TINY HOUSE TOUR: 5 Designs Tips for Building Your Own Great Cozy Cabin

This original cozy cabin that led the way to my an online building course that’s helped hundreds of people around the world build their own beautiful tiny house.

Have you ever dreamed of owning a beautiful, affordable tiny house? Perhaps one you built yourself with your own hands? This article is the story of how my son Robert and I did more than just dream when he got the idea to build a cozy cabin in the woods for himself back when he was 18 in 2008. That’s the cabin below and it’s now an easy-to-keep, full-time home where he lives with his wife Edyta and their daughter, Lily. We turned this experience into an online course – called Cozy Cabin – that has helped hundreds of people around the world to make their cabin dreams come true. This article is about five design features that make any building like this especially nice to live in. But first, click below to take a video tour of Robert’s place.

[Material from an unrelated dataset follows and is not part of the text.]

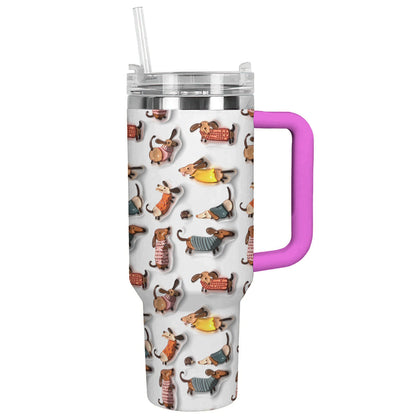 Dog 40 Oz Shineful™ Tumbler Naughty Dachshunds Lk8 Hot Pink 40Oz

As you’ll see, Robert is pretty proud of his place and just finishing a little addition.

  • Reading Time = 5 1/2 minutes
  • Video#1 Watch Time = 12 minutes
  • Video#2 Watch Time = 1 3/4 minutes

Smaller Can Be Better

The tiny house movement is growing around the world, mostly because people want homes that are more affordable and easier to maintain, either as a full-time residence or as a cabin by the lake. The thing is, most tiny houses miss the boat in important ways. The trick is design and construction that feels completely authentic and high quality. For that you need an approach with lots of visible solid wood, classic lines, and details that make it comfortable and cozy year-round. That’s what Robert and I set out to do at our place here on Manitoulin Island, Canada, and people all over the world are following our example with the online course I created around this project.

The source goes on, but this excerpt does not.